INSTRUCTIONS TO FOLLOW:
Upon reaching the line that contains "this 450×320 image." in the records below, begin repeating every line exactly through the last one, skipping pictures.

====== INFORMATION ======

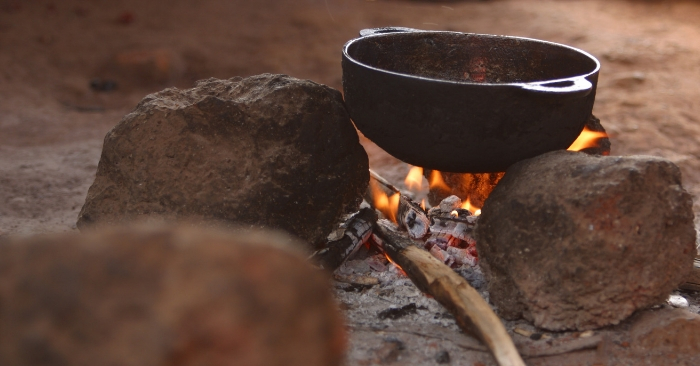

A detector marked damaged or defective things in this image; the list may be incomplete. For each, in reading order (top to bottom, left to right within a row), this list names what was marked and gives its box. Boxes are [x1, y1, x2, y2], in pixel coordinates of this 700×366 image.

charred stick [310, 209, 378, 272]
charred stick [374, 220, 524, 366]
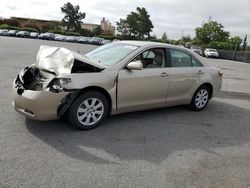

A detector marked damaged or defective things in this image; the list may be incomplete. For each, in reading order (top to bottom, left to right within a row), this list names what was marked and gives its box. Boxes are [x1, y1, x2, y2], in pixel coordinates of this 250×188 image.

damaged front end [12, 45, 106, 120]
crumpled hood [36, 45, 104, 75]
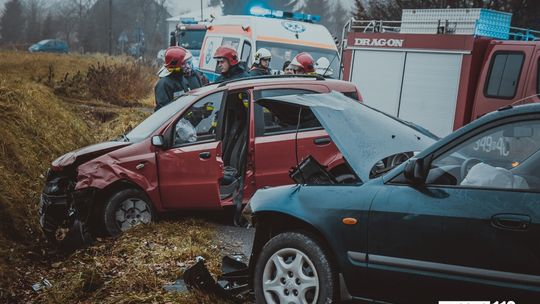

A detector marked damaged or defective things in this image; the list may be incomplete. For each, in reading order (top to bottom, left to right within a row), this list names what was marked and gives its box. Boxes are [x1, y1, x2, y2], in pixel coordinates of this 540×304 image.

crumpled hood [51, 141, 131, 170]
damaged red car [40, 75, 360, 247]
crumpled hood [255, 91, 436, 182]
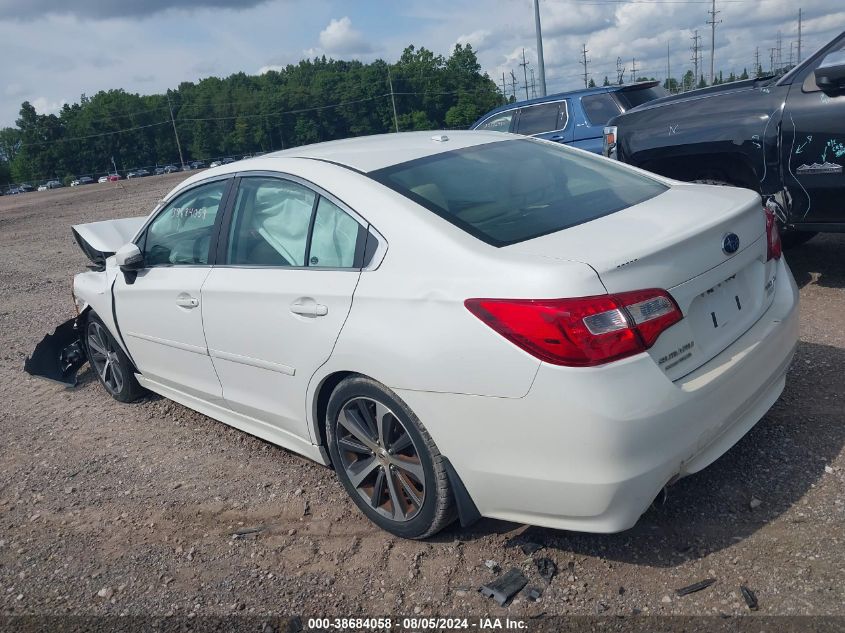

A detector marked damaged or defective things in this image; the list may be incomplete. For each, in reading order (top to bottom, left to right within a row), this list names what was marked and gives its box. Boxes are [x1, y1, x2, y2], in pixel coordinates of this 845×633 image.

detached black bumper piece [24, 316, 86, 386]
crumpled front fender [24, 316, 87, 386]
damaged white car [26, 130, 800, 540]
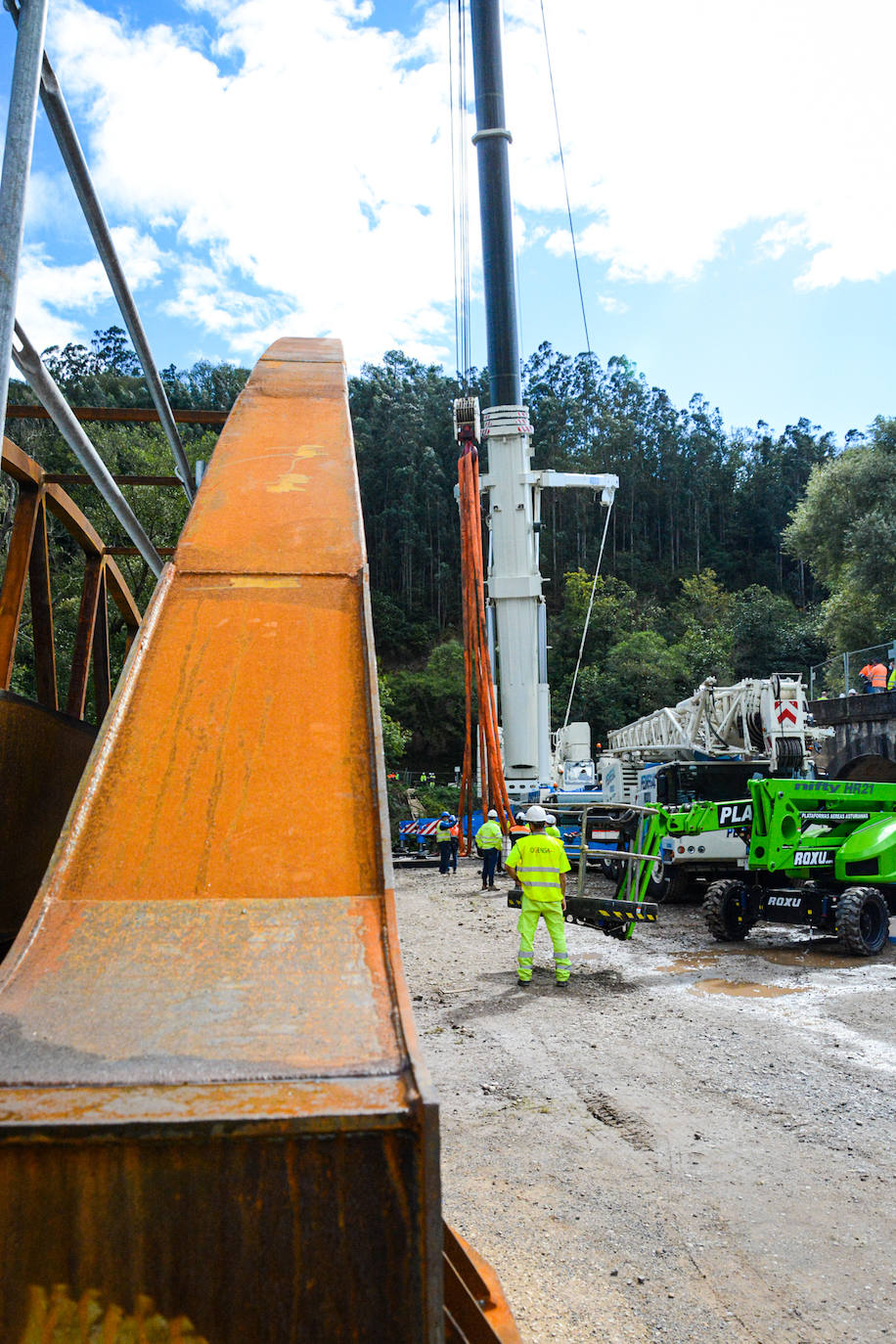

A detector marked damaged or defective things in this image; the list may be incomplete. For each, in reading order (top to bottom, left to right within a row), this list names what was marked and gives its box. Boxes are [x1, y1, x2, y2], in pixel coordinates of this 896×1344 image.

rusty steel beam [5, 403, 229, 423]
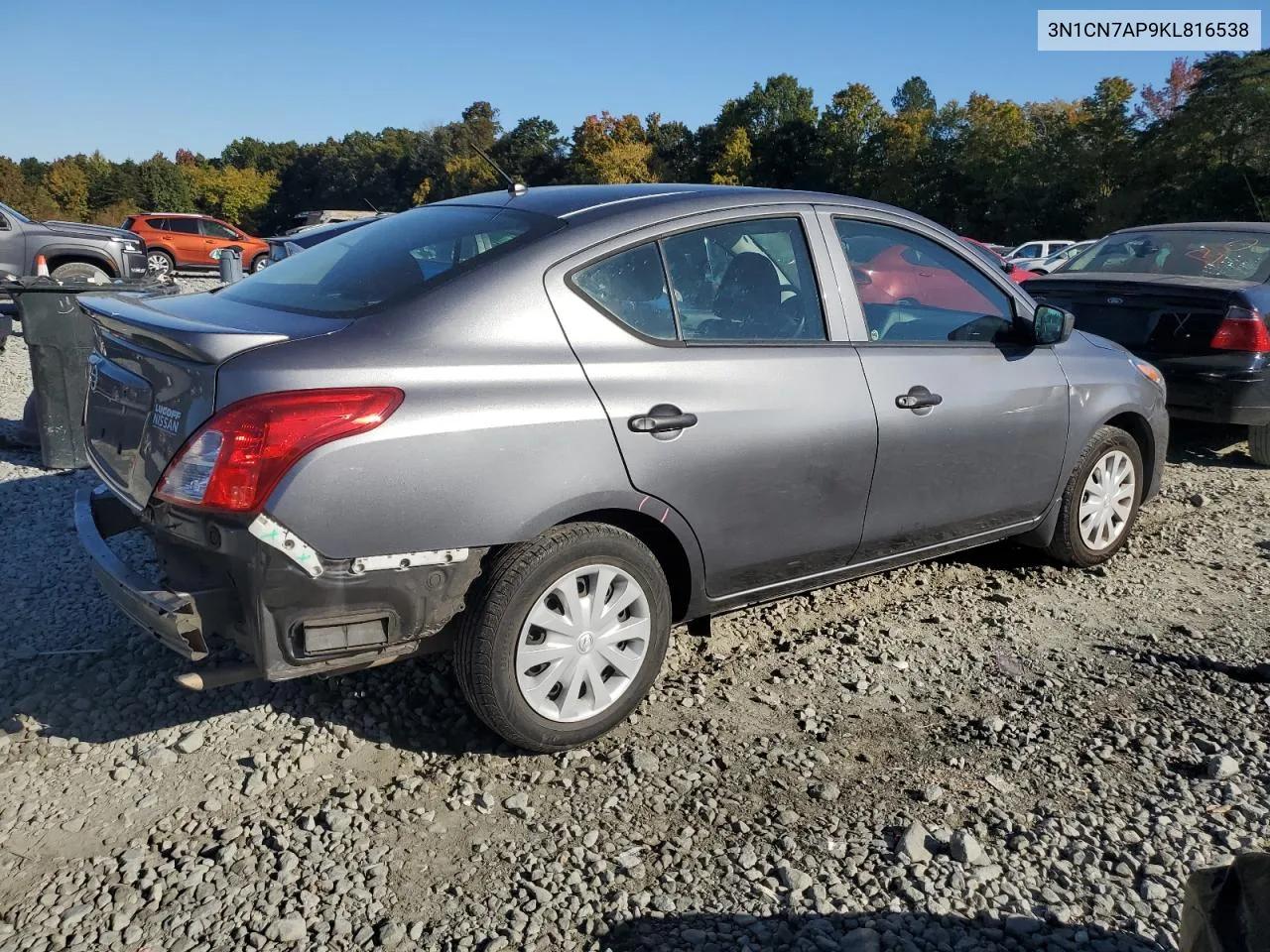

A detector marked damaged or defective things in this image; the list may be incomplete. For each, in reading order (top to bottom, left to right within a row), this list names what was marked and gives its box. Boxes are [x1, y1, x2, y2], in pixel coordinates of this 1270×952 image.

broken bumper cover [74, 487, 207, 659]
damaged rear bumper [77, 487, 484, 680]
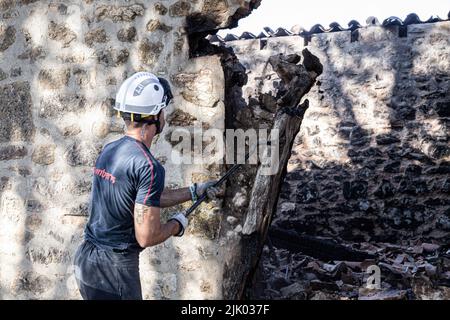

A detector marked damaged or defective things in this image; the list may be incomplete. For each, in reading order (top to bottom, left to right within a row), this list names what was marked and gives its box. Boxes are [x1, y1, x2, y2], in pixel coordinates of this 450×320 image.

burnt roof debris [212, 11, 450, 42]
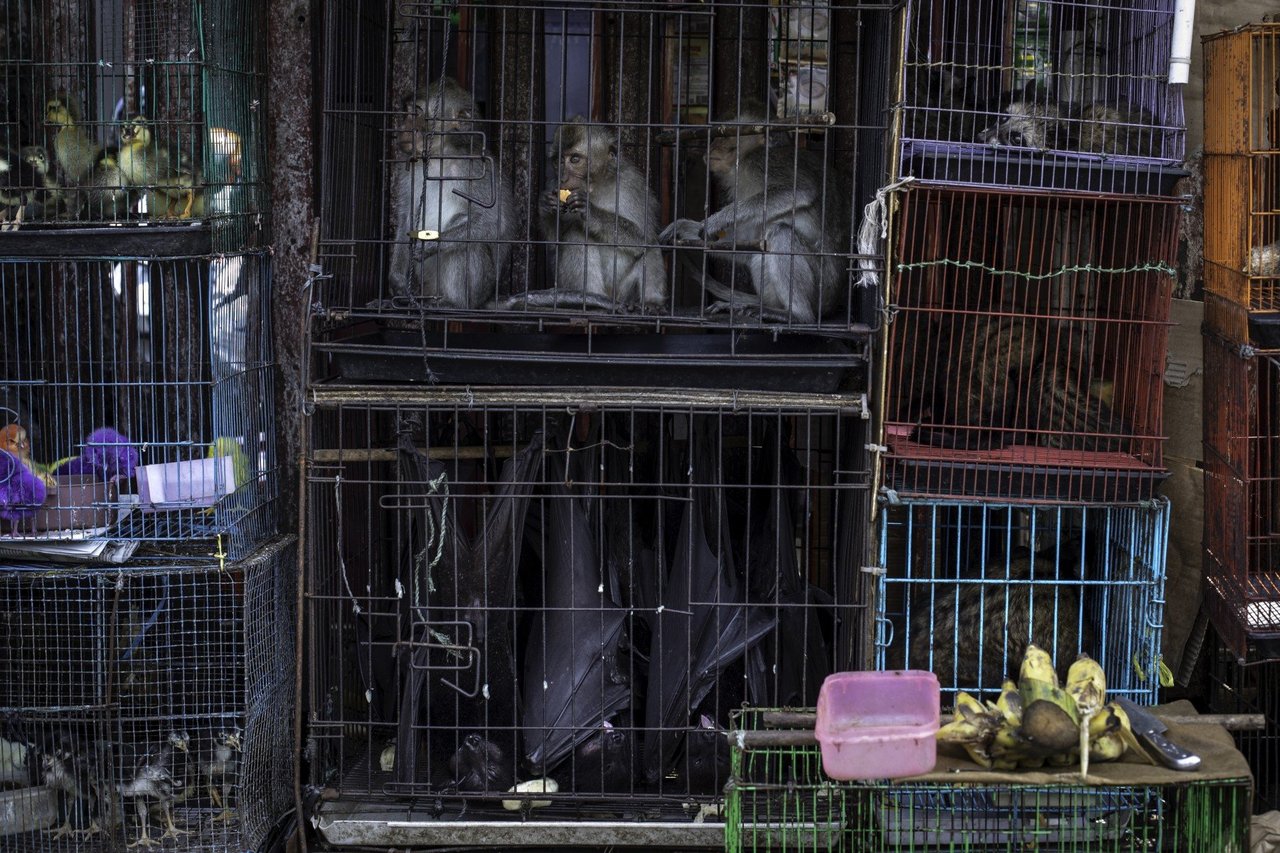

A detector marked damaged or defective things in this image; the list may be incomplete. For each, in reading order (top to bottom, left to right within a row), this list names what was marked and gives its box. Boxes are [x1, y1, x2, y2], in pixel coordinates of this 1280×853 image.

rusty cage [302, 392, 872, 844]
rusty cage [312, 0, 888, 386]
rusty cage [880, 184, 1184, 502]
rusty cage [896, 0, 1184, 193]
rusty cage [1200, 23, 1280, 350]
rusty cage [1208, 330, 1272, 664]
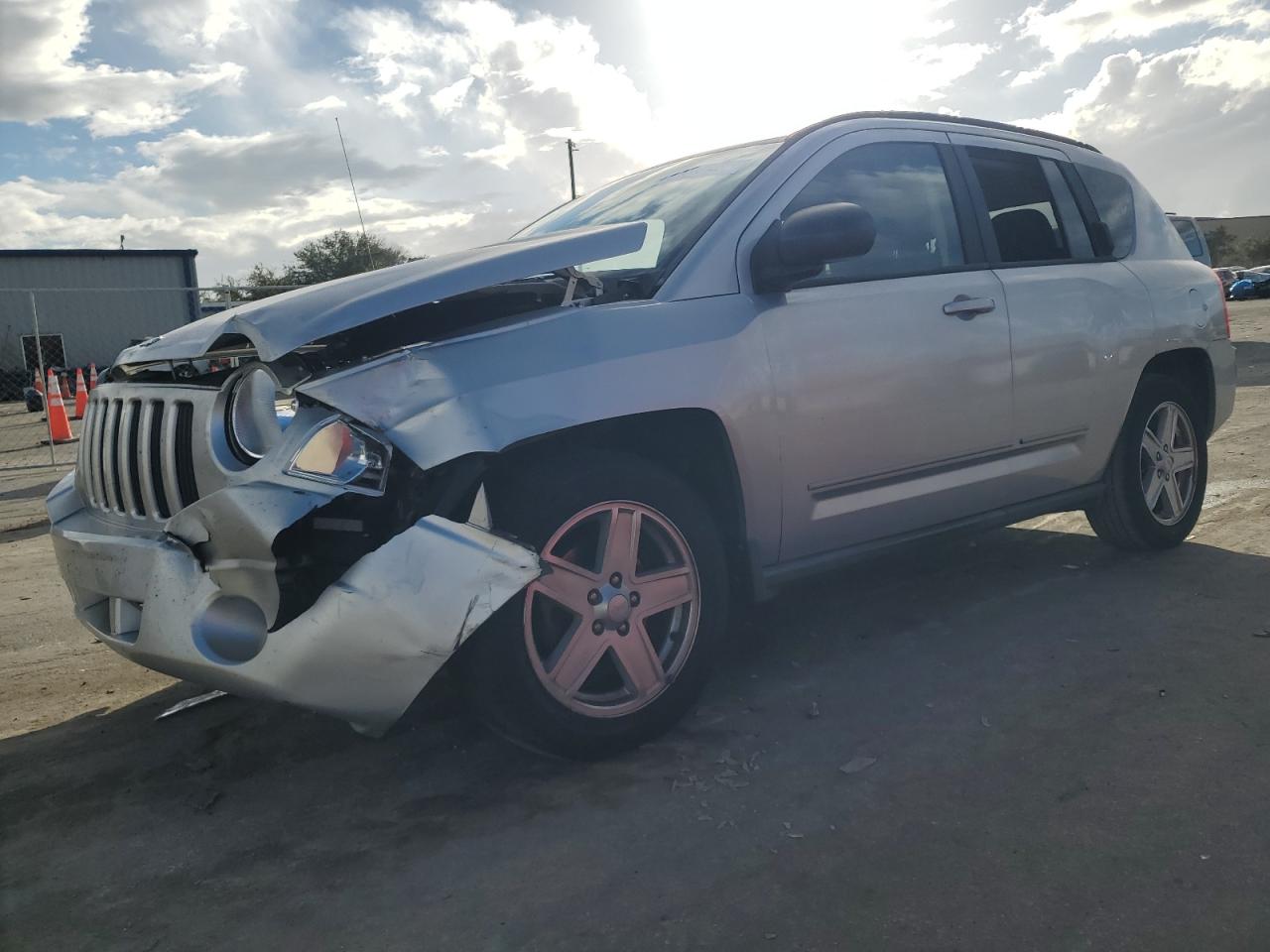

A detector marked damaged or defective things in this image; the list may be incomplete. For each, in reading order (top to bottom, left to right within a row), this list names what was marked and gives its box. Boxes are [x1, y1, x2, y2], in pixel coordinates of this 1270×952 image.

dented hood [115, 220, 650, 365]
crumpled hood [115, 222, 650, 368]
broken headlight [228, 368, 297, 464]
broken headlight [288, 416, 386, 492]
exposed front wheel [1081, 375, 1208, 550]
detached bumper cover [46, 474, 536, 736]
exposed front wheel [464, 454, 726, 762]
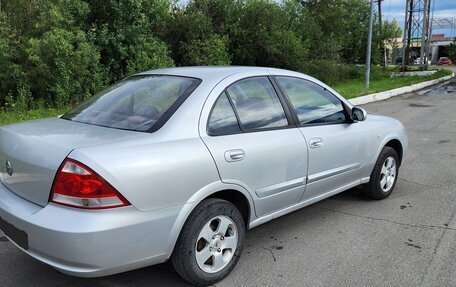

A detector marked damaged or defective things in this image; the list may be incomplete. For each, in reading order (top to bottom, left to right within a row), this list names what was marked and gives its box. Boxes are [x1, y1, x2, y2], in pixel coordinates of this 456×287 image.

crack in asphalt [312, 207, 456, 232]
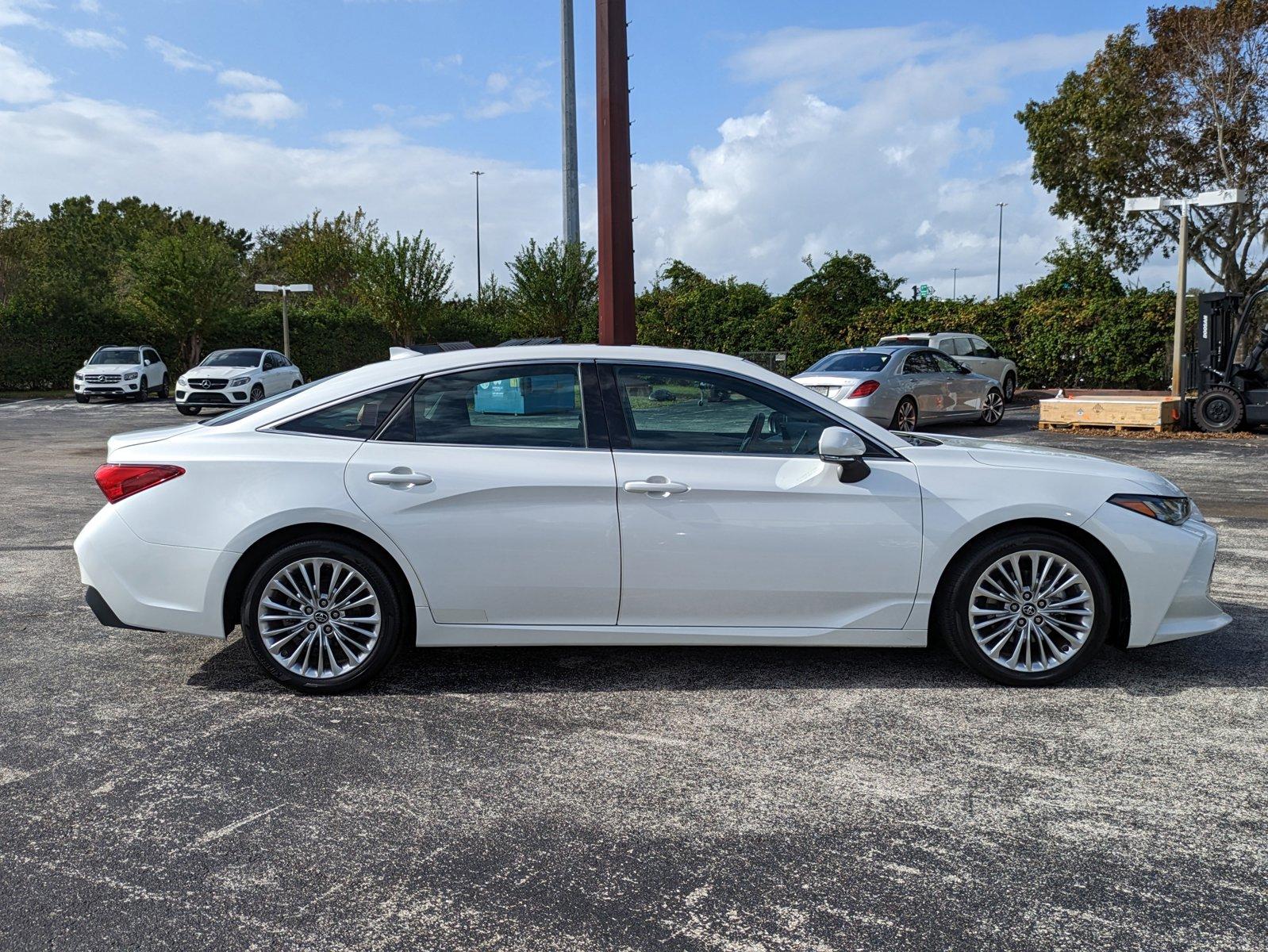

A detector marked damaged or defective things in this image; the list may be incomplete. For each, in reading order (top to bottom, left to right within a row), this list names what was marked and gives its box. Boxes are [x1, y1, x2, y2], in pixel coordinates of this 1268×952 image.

======

TASK RESULT:
A detector marked damaged or defective things in this image; the list may be incomplete. For each, in reading order (top to bottom, left to right within a row), this list names what was marked and gives its box. Boxes are [x1, y1, x2, y2], in pixel coordinates of this 450×320 image.

burnt roof debris [212, 11, 450, 42]

A detector marked damaged or defective things in this image; the list may be incomplete. For each, in reading order (top to bottom, left to right within a row), this list names what was marked and gives its box. Boxes are [x1, y1, x2, y2], in pixel coordinates of this 1280×853 image.

rusty cage [302, 392, 872, 844]
rusty cage [312, 0, 888, 386]
rusty cage [880, 184, 1184, 502]
rusty cage [896, 0, 1184, 193]
rusty cage [1200, 23, 1280, 350]
rusty cage [1208, 330, 1272, 664]

A detector marked damaged or defective things in this image; the list may be incomplete. For each, in reading order (top to bottom, left to right within a row), this list names what was marked and gives its box. Boxes are [x1, y1, x2, y2], in pixel coordinates of this 1270×952 image.

dented hood [115, 220, 650, 365]
crumpled hood [115, 222, 650, 368]
broken headlight [228, 368, 297, 464]
broken headlight [288, 416, 386, 492]
exposed front wheel [1081, 375, 1208, 550]
detached bumper cover [46, 474, 536, 736]
exposed front wheel [464, 454, 726, 762]

A detector marked damaged or defective things in this image; the list may be incomplete. For each, in reading order (top to bottom, left to right within a row), this list names what was marked and gives its box. Boxes are [x1, y1, x2, y2], in pixel coordinates of this 456×287 image.

crack in asphalt [312, 207, 456, 232]

A detector marked damaged or defective things in this image; the list may be incomplete. For each, in reading order (top to bottom, left to right within a row), this list names what was marked and gives its box. Boxes are [x1, y1, x2, y2], in pixel coordinates of this 1268×952 image.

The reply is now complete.